Mütterrente: Aktuelle Regelungen noch verfas­sungsgemäßGericht sieht dennoch weiteren Handlungsbedarf

Das Landes­so­zi­al­gericht Niedersachsen-Bremen hat entschieden, dass derzeit die Berück­sich­tigung von Kinder­erziehungs­zeiten für vor 1992 geborene Kinder mit 12 Monaten und für nach 1992 geborene Kinder mit 3 Jahren nicht verfas­sungs­widrig ist. Der Gesetzgeber hat aber eine Pflicht zum weiteren Ausgleich der Benachteiligung der Familien.

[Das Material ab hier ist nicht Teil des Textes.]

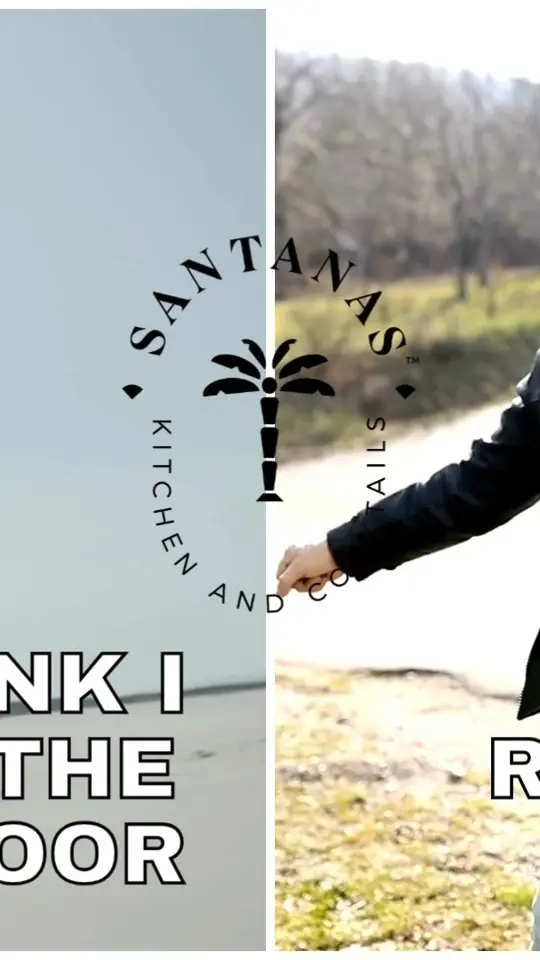 Santana's Kitchen and Cocktails in Delray Beach showing latin comfort food, drinks, atmosphere, video by Santanas Kitchen & Cocktails on Facebook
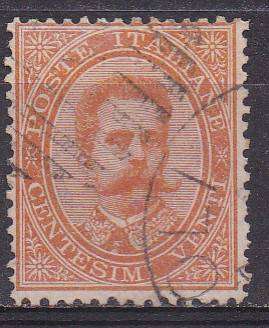 Italy 1879 King Humbert i 20c FU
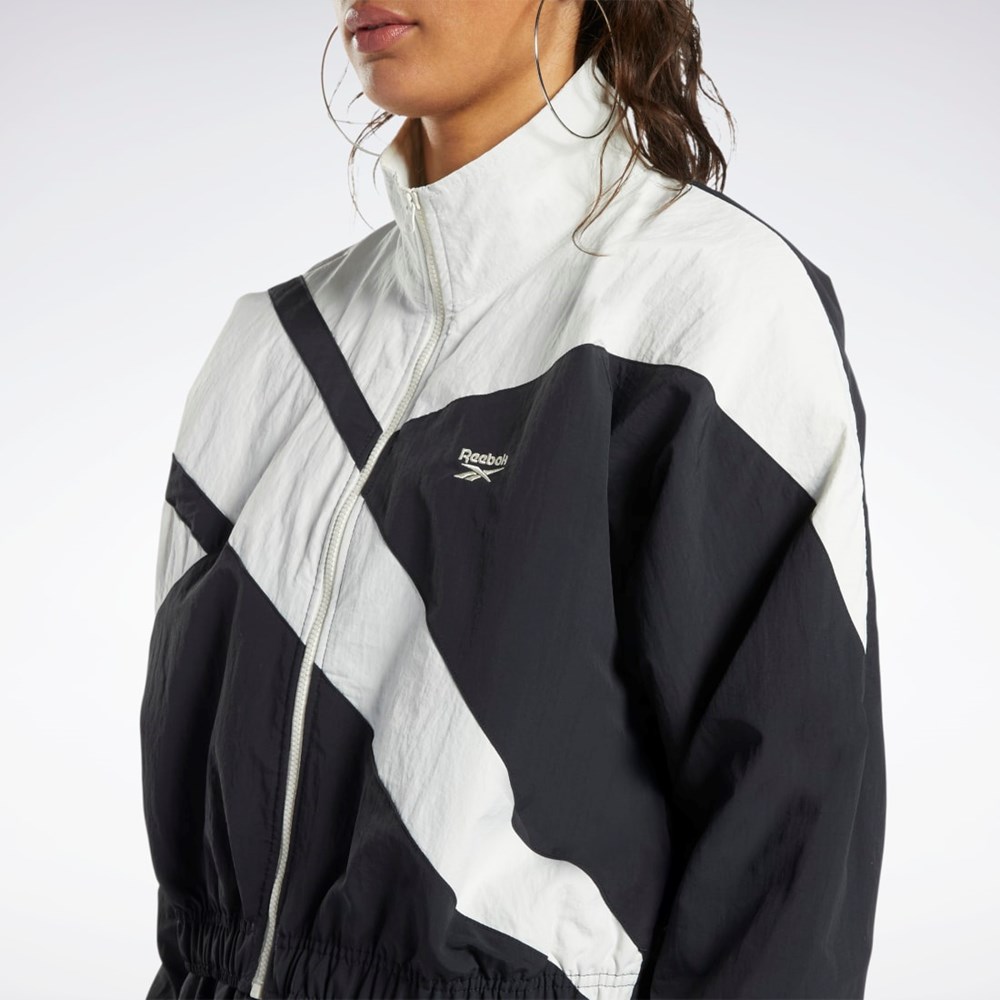 Reebok Classics Franchise Track Jacket Night Black | HH9752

Der Entscheidung lag der Fall einer 1951 geborenen und in Hannover lebenden Klägerin zugrunde. Die beklagte Renten­ver­si­cherung hatte bei der Klägerin im Vormer­kungs­ver­fahren jeweils 12 Monate Kinder­er­zie­hungs­zeiten für die in den Jahren 1971 und 1974 geborenen Kinder berücksichtigt. Die Klägerin begehrt aber die Berück­sich­tigung von drei Jahren Kinder­er­zie­hungs­zeiten je Kind. Sie leitet einen solchen Anspruch aus dem Grundgesetz, der Verfassung her.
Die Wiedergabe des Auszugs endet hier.